We sit there for what seems like hours. We try everything; we shout for help, plead with our captor to let us go, we struggle to free ourselves, but it only makes the ropes cut deeper. I’ve run out of tears and my throat is dry, I look at George the same time he looks up at me. The divorce was a mutual agreement, we had been growing apart for years and we’d lost the ability to communicate with each other. I just didn’t think he loved me anymore. But I didn’t care about that now, all I wanted was for him to hold me.
‘I love you Rubes. I always will.’ He whispers, as though reading my mind
‘I love you back’ I say, barely able to keep my voice from shaking.

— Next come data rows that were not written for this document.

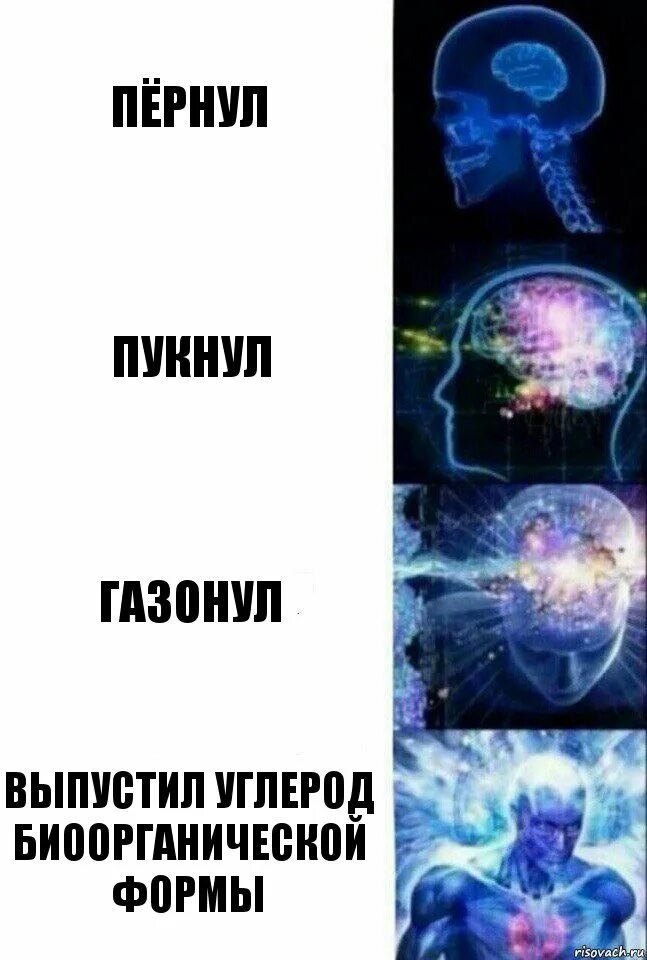 Сколько раз в день пукает. Сверхразум гиф.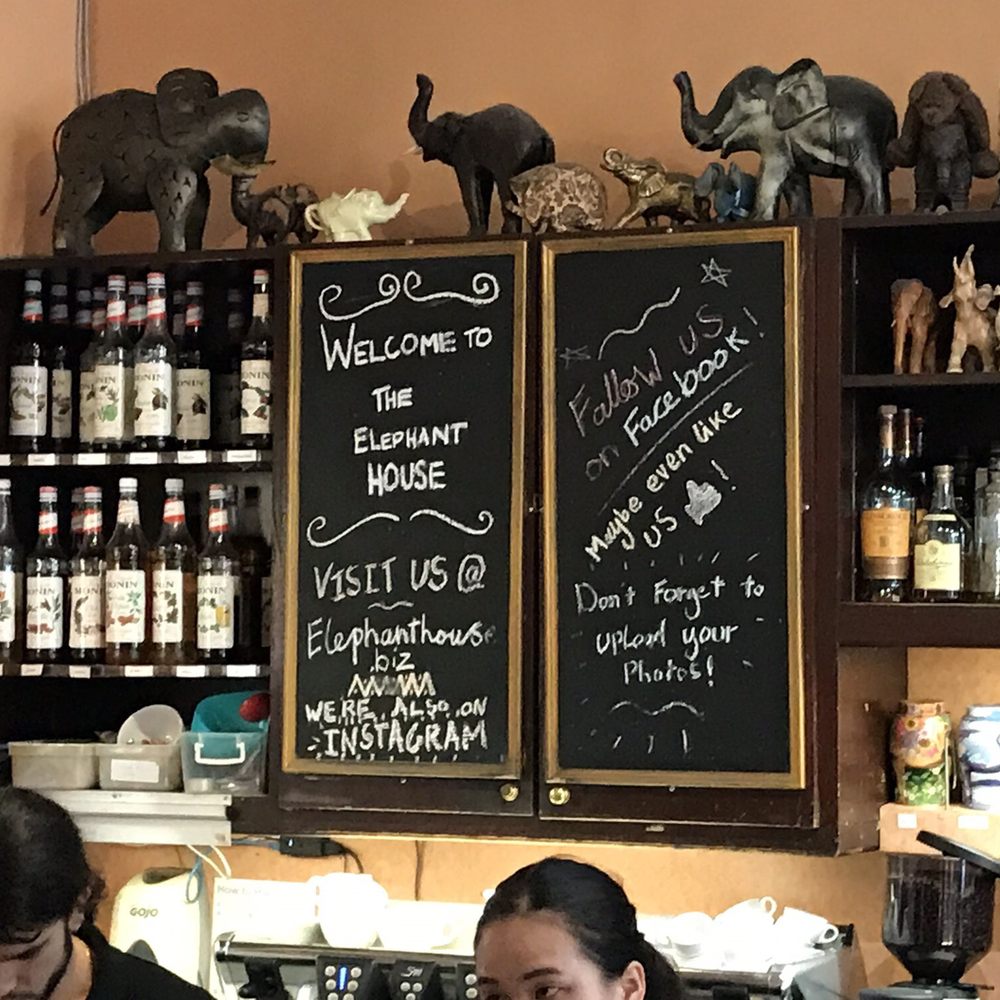 The Elephant House - Scottish Near Me - Edinburgh, EDH The Elephant House - Scottish Near Me - Edinburgh, EDH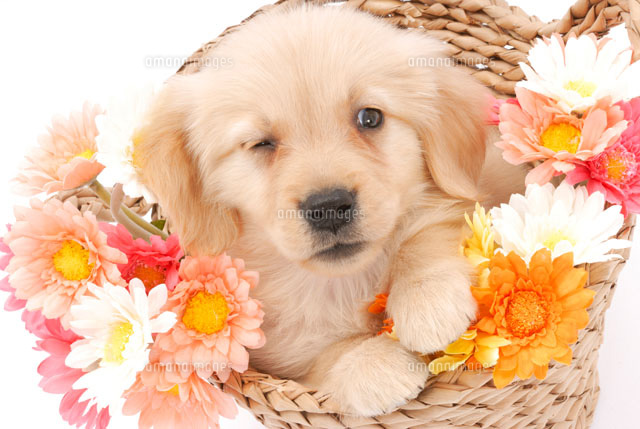 花かごと子犬 ゴールデンレトリーバー の写真素材 イラスト素材 アマナイメージズ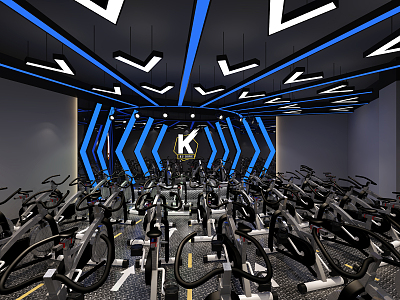 Modern Gym Spinning Gym model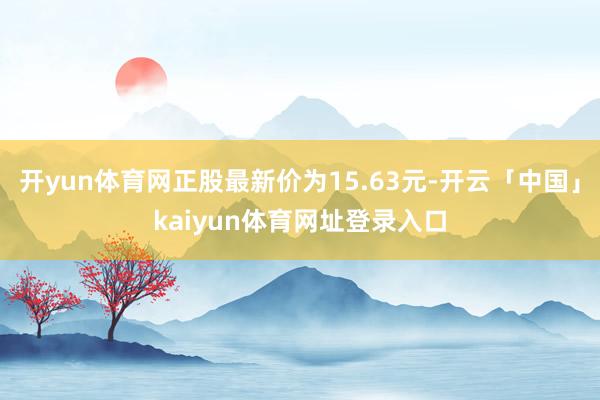开yun体育网正股最新价为15.63元-开云「中国」kaiyun体育网址登录入口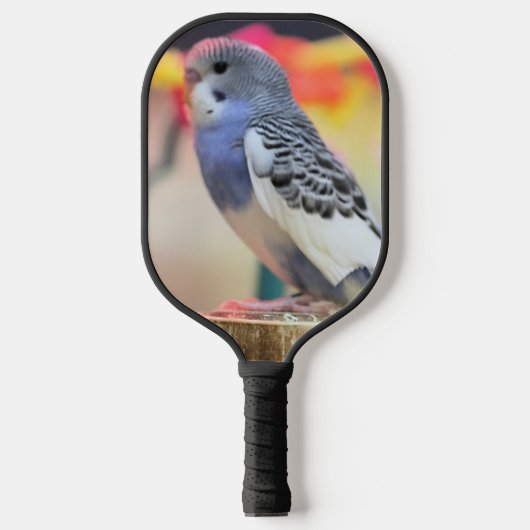 Keet Pickleball Paddle (Voorkant)
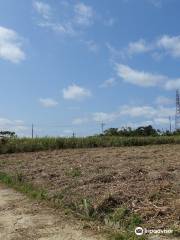 Gakiya Sugarcane Plantation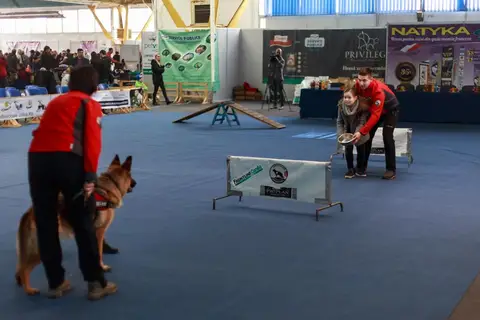 Napoca Dog Show 2016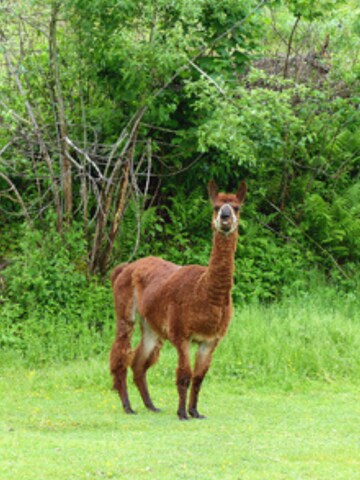 Gonna 'A-Linie Baumwolle "Alpaka"' di fabrari in colori misti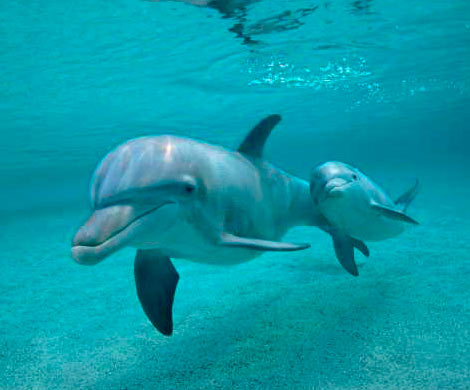 В Севастополе на берегу нашли двух изрезанных дельфинов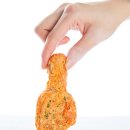 순수동물병원
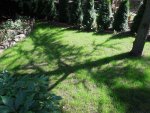 DSCN6533.jpg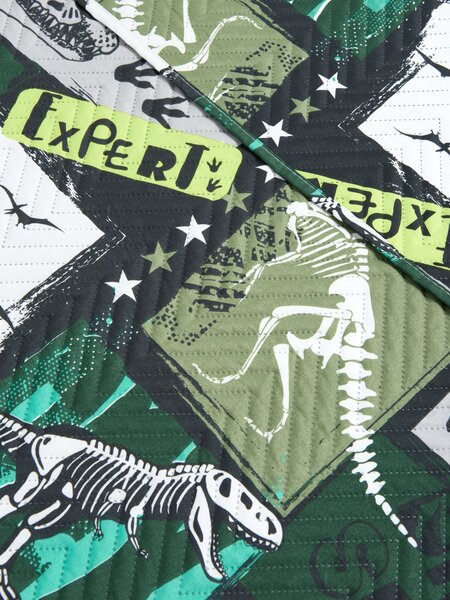 Sinsay - Prekrivač za krevet s motivom dinosaura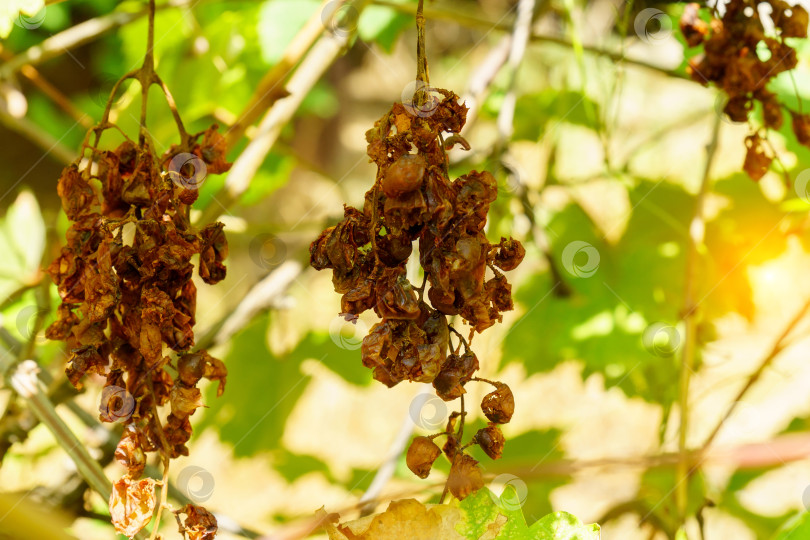 Скачать Гниющий виноград и виноградные листья. Плохой урожай, засуха фотосток Ozero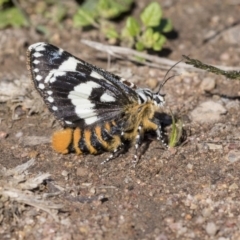 Apina callisto (Pasture Day Moth) at Hawker, ACT - 7 Apr 2020 by AlisonMilton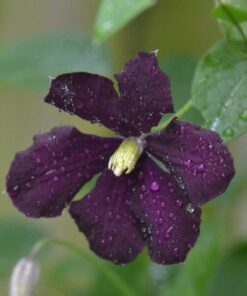 Clematis Warszawska Nike (wielkokwiatowy) poj, 4l
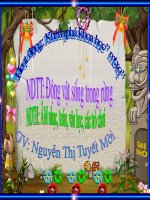 Giao an moi truong xung quanh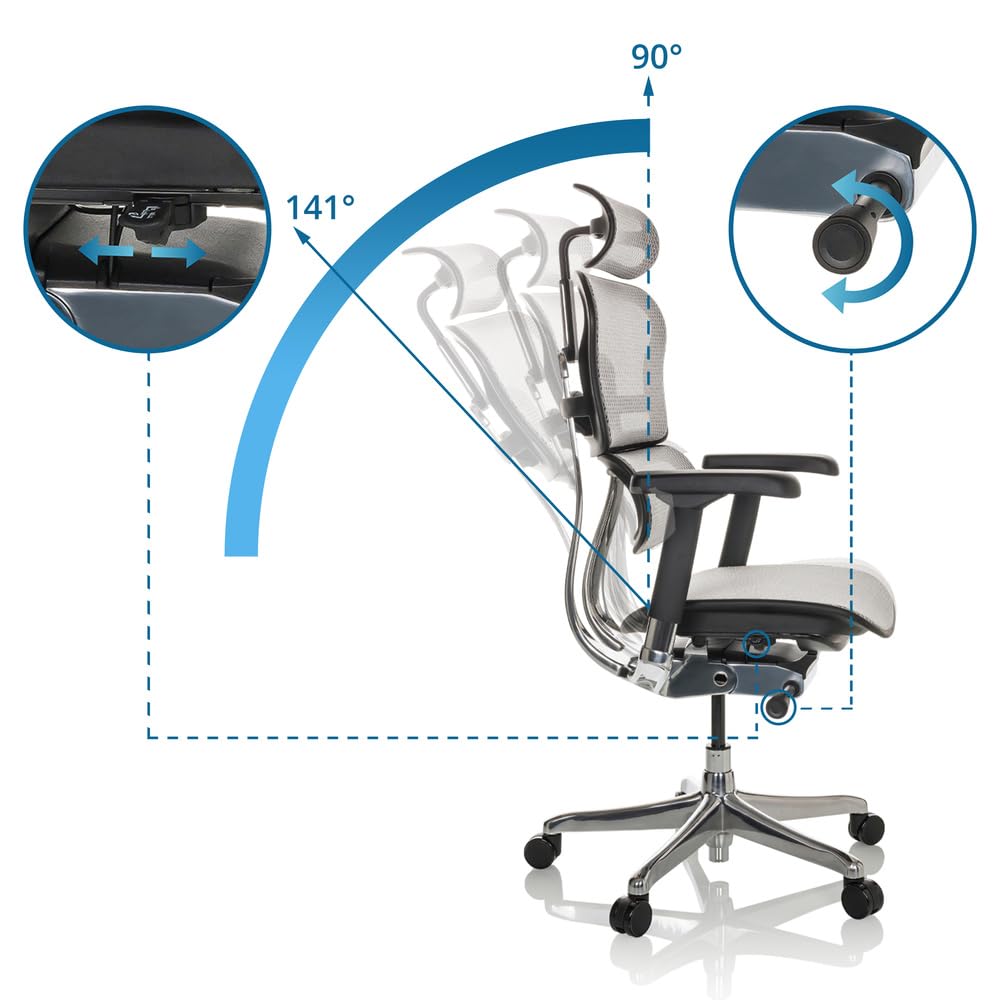 hjh OFFICE Silla de Oficina Silla giratoria ERGOHUMAN GEN2 Malla Diseño Original con Soporte Lumbar Flexible, Gris Claro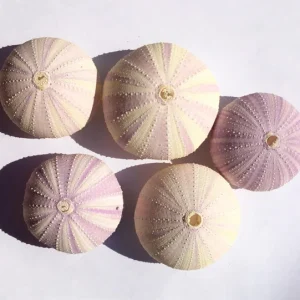 Lavender Sea Urchin Shell Air Plant Holder - Coastal Decor 1-3 inch - Image 8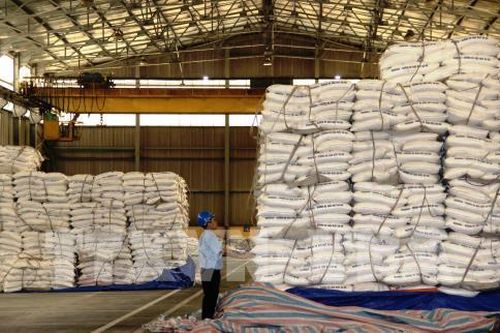 Doanh nghiệp mía đường tìm kiếm cơ hội trong khó khăn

A loud hissing sound pierces the silence, a thick white gas starts to pump into the room from all directions. My eyes start to water, I try to call out to George but my mouth won’t work, all I see is darkness.
#
He stands on the edge of the pier, breathing deeply from the effort of pushing the car. He smiles as he watches the couple on the small screen of his hand held camera. They’re saying how much they love each other, how much their love means to them. They’re trying so hard to get their hands free just so they can touch one last time. He’s made them realize what love is, he’s given them back their marriage and now, he’s making it last forever.
END
And to think i used to write 300 word compositions in secondary school.